**Assignment**:
Here the job is to transcribe only the lines from the one containing "A&F Emerson Drama" through the last line below, exactly as written; please leave out pictures.

**Data provided**:
---
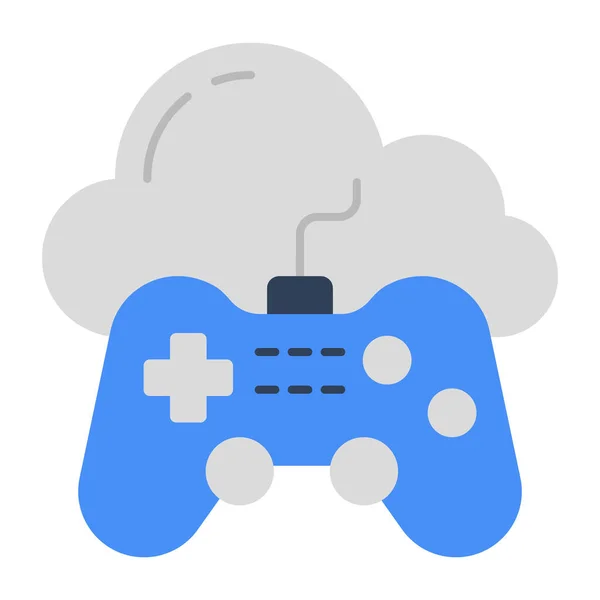 Modern Design Icon Cloud Gaming — Vector de stock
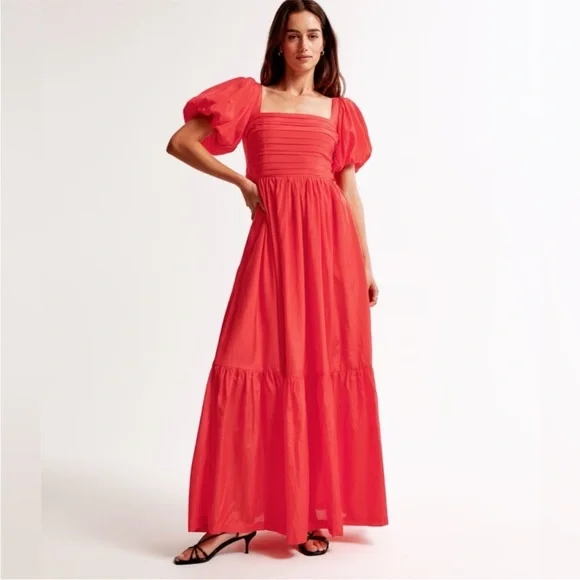 A&F Emerson Drama Bow Back Maxi Dress - Picture 3 of 7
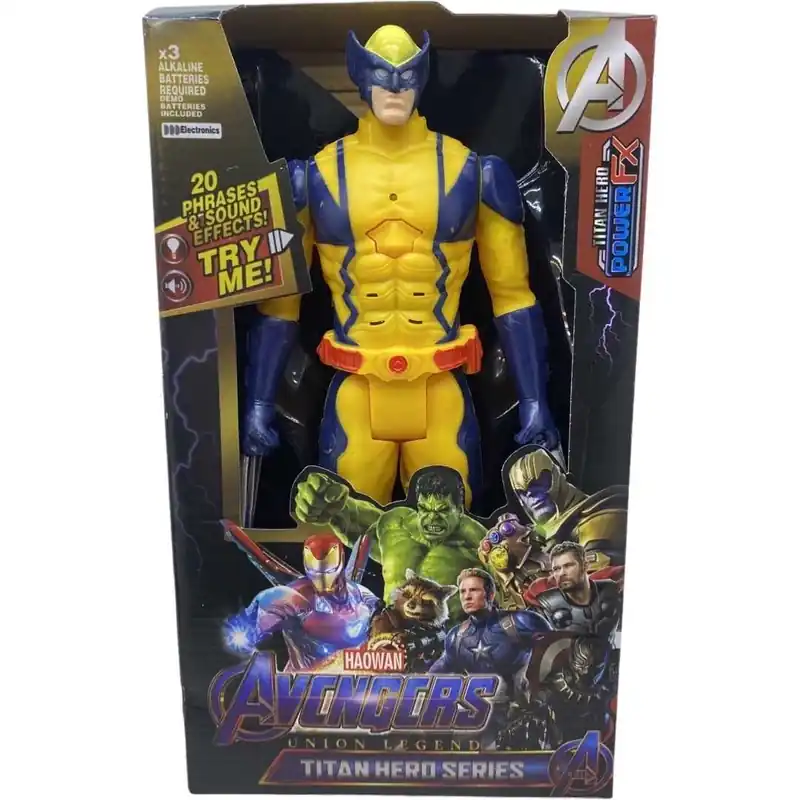 Figurina Wolverine cu lumini si sunet Ieftin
---
**Task response**:
 A&F Emerson Drama Bow Back Maxi Dress - Picture 3 of 7
 Figurina Wolverine cu lumini si sunet Ieftin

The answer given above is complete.